Similarly, training and documented safety management systems supported through industry programs improve defensibility after incidents. The Propane Education & Research Council’s safety training tools help standardize inspection and delivery procedures, useful not just for training but for litigation defense when procedure adherence is questioned.
Your top 10 risk accounts are not just operational burdens; they are underwriting variables.
A Focused Plan to Address High-Risk Accounts
Once you’ve identified your top 10, act decisively. Here are four targeted steps:
1. Conduct Structured Field Audits Within 60 Days
Send a senior service technician to physically re-evaluate each account. Document tank condition, regulator age, clearances, and access constraints. Photograph conditions.

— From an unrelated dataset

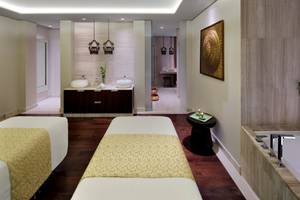 Spa-Behandlungsraum im Taj Dubai mit zwei Massagetischen, Badewanne und Dekor.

Update digital records immediately.
2. Present Upgrade Proposals With Defined Timelines
For accounts with aging equipment or unsafe access, present written recommendations. Set clear deadlines and document customer responses. Avoid open-ended “suggestions.”
3. Adjust Routing and Driver Assignment
Assign experienced drivers to complex accounts and avoid peak-hour urban deliveries. If backing is unavoidable, implement a two-person policy during high-risk months.
4. Evaluate Account Profitability Against Risk
If an account scores high risk and generates below-average margin, consider restructuring terms or exiting the account. Retention should not override risk-adjusted profitability.
These steps are operational, not theoretical. They serve to reduce exposure before the next heating season compounds it.
Protecting Your Business Beyond the Tank
Your top 10 risk accounts rarely align with your top 10 revenue accounts. They are often legacy customers, below average-margin commercial sites, or rural deliveries that evolved without strategic review. Identifying them is not about pruning your book; it’s about controlling exposure in a tightening insurance and regulatory climate. Companies that formalize risk scoring turn reactive safety management into proactive asset protection. The result isn’t just fewer incidents; it’s a more defensible, insurable, and operationally disciplined propane business.